Most likely the reason for this is because iterators are not reusable; you need to get a fresh Iterator from the Iterable collection each time you want to iterate over the elements. However, as a quick fix:

private static <T> Iterable<T> iterable(final Iterator<T> it){
     return new Iterable<T>(){ public Iterator<T> iterator(){ return it; } };
}

//....
{
     // ...
     // Now we can use:
     for ( X x : iterable(it) ){
        // do something with x
     }
     // ...
}
//....

That said, the best thing to do is simply pass around the Iterable<T> interface instead of Iterator<T>

Solution 2:

but I still don't understand why this [...] was not made possible.

I can see several reasons:

  1. Iterators are not reusable, so a for/each would consume the iterator - not incorrect behavior, perhaps, but unintuitive to those who don't know how the for/each is desugared.
  2. Iterators don't appear "naked" in code all that often so it would be complicating the JLS with little gain (the for/each construct is bad enough as it is, working on both Iterables and arrays).
  3. There's an easy workaround. It may seem a little wasteful to allocate a new object just for this, but allocation is cheap as it is and escape analysis would rid you even of that small cost in most cases. (Why they didn't include this workaround in an Iterables utility class, analogous to Collections and Arrays, is beyond me, though.)
  4. (Probably not true - see the comments.) I seem to recall that the JLS can only reference things in java.lang[citation needed], so they'd have to create an Iterator interface in java.lang which java.util.Iterator extends without adding anything to. Now we have two functionally equivalent iterator interfaces. 50% of the new code using naked iterators will choose the java.lang version, the rest use the one in java.util. Chaos ensues, compatibility problems abound, etc.

I think points 1-3 are very much in line with how the Java language design philosophy seems to go: Don't surprise newcomers, don't complicate the spec if it doesn't have a clear gain that overshadows the costs, and don't do with a language feature what can be done with a library.

The same arguments would explain why java.util.Enumeration isn't Iterable, too.

Solution 3:

The for(Type t : iterable) syntax is only valid for classes that implement Iterable<Type>.

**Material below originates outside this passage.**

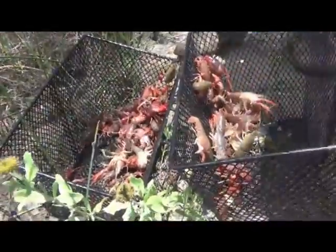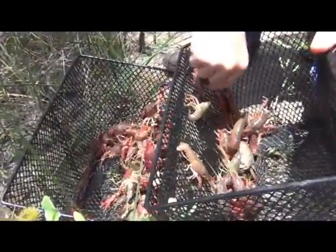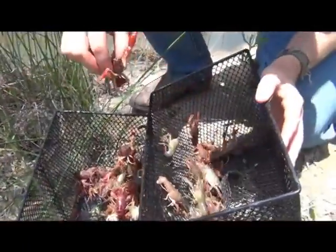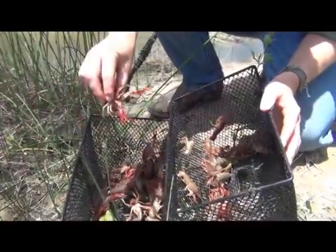Our creek went dry last year, so all the predator fish are out. But you can see a couple different types of crawdad. They're all about medium size. Notice the lack of grandfathers — that's edible size. It's a good bait size.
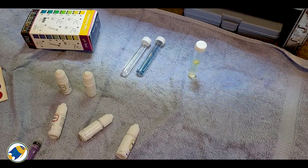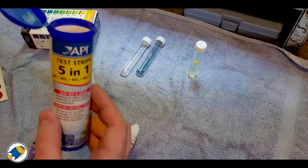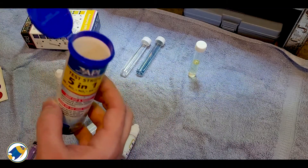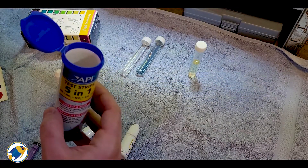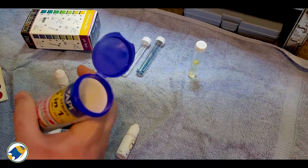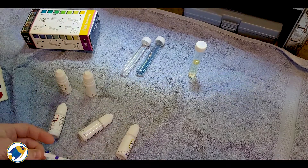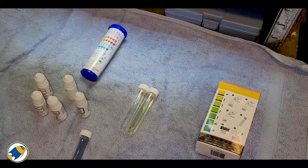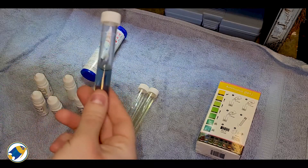Whilst we're waiting for our results from the liquid test kit, I'm just going to do a quick test with these API test strips that I purchased and see what kind of results we get from that. You can see how much quicker it is as well, because obviously you just dip the test strip in. We'll give it a few minutes.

An iterator does not implement iterable.

You can iterate over things like Collection<T>, List<T>, or Set<T> because they implement Iterable.

The following code is equivalent:

for (Type t: list) {
    // do something with t
}

and

Iterator<Type> iter = list.iterator();
while (iter.hasNext()) {
    t = iter.next();
    // do something with t
}

The reason this was not made possible, is because the for-each syntax was added to the language to abstract out the Iterator. Making the for-each loop work with iterators would not accomplish what the for-each loop was created for.

Solution 4:

Actually, you can.

There is very short workaround available on java 8:

for (X item : (Iterable<X>) () -> iterator)

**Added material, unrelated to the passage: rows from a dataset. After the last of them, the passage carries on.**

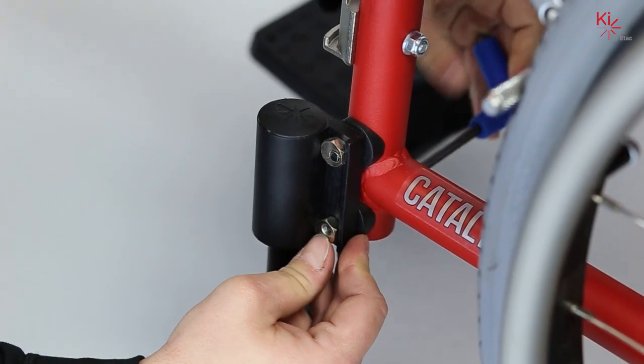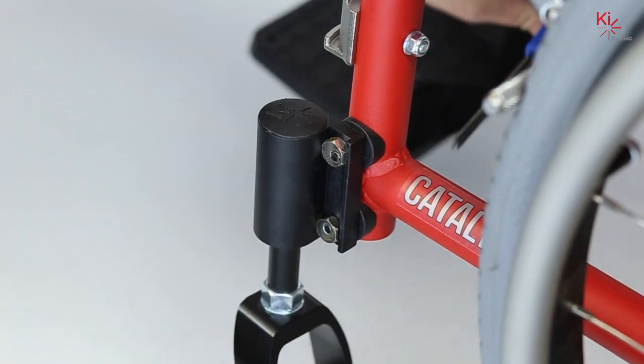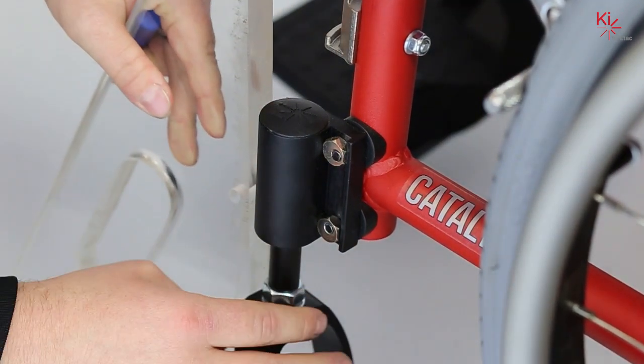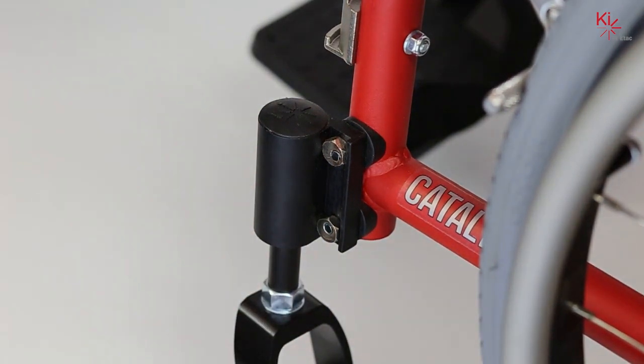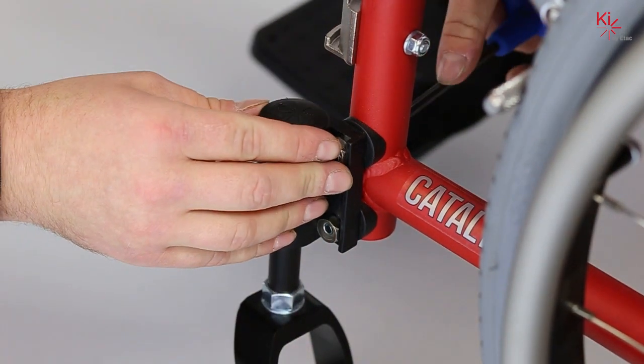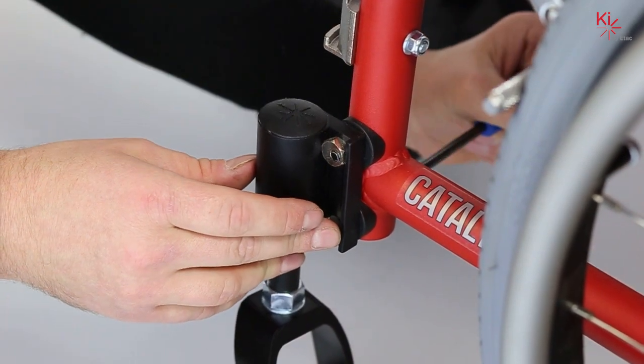Once secure, but not completely tightened, we will check for caster squareness. Once square, we will re-tighten the system until secure. Then repeat these steps on the next side.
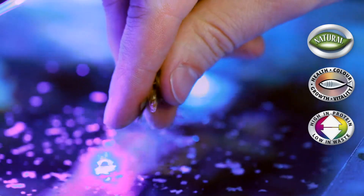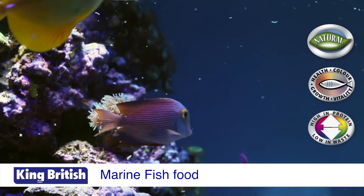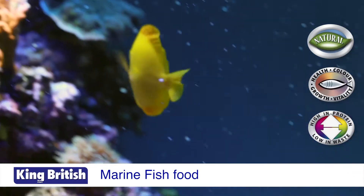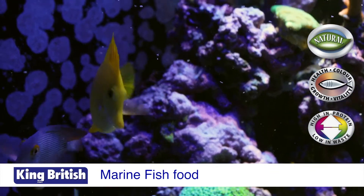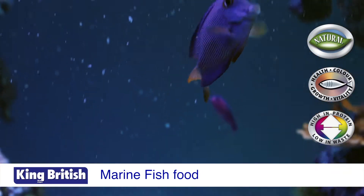Marine flake food — a complete and balanced fish food for all marine fish. Free from artificial colours, flavours and preservatives, designed to meet their specific nutritional needs. It's made from high quality natural ingredients for healthy, active and colourful fish. It contains all the essential vitamins, minerals and trace elements and is a low waste formula. It contains natural seaweed extract providing a stronger defence against infection and disease.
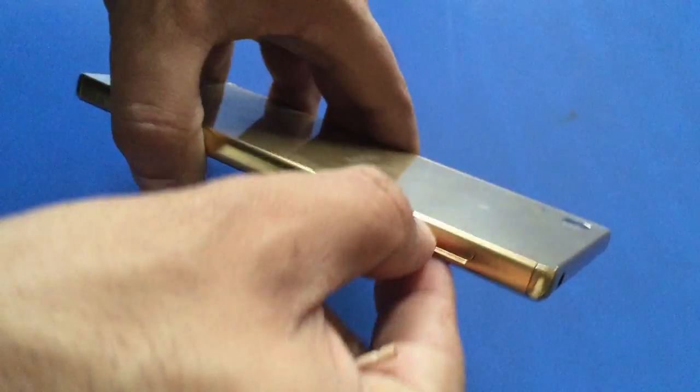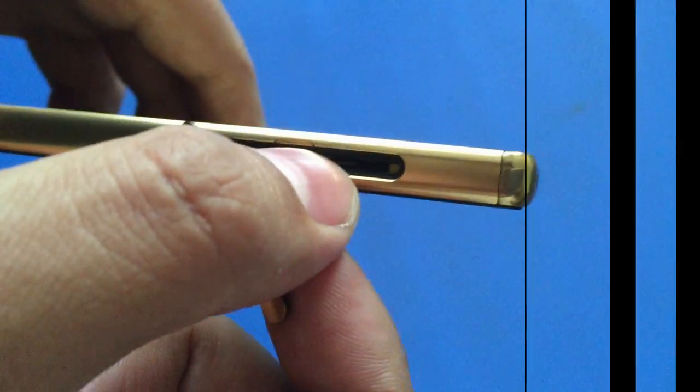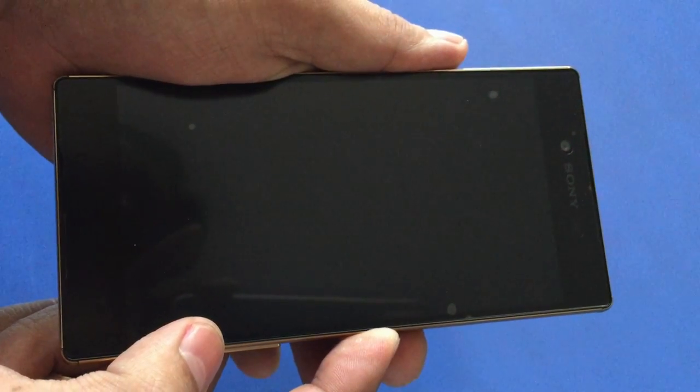Open the cover of the SIM card slot. Under the micro SD flap, locate the yellow button. Use the tip of a pen to press and hold the yellow button for 3 to 5 seconds, or until it vibrates. Now restart your device.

See How to iterate with foreach loop over java 8 stream for the detailed explanation of the trick.

And some explanations why this was not natively supported can be found in related question:

Why does Stream<T> not implement Iterable<T>?

Solution 5:

Iterators are not meant be reused (i.e.: used in more than one iteration loop). In particular, Iterator.hasNext() guarantees that you can safely call Iterator.next() and indeed get the next value from the underlying collection.

When the same iterator is used in two concurrently running iterations (let's assume a multi-threading scenario), this promise can no longer be kept:

while(iter.hasNext() {
   // Now a context switch happens, another thread is performing
   //    iter.hasNext(); x = iter.next();

  String s = iter.next();  
          // A runtime exception is thrown because the iterator was 
          // exhausted by the other thread
}

Such scenarios completely break the protocol offered by Iterator. Actually, they can occur even in a single threaded program: an iteration loop calls another method which uses the same iterator to perform its own iteration. When this method returns, the caller is issuing an Iterator.next() call which, again, fails.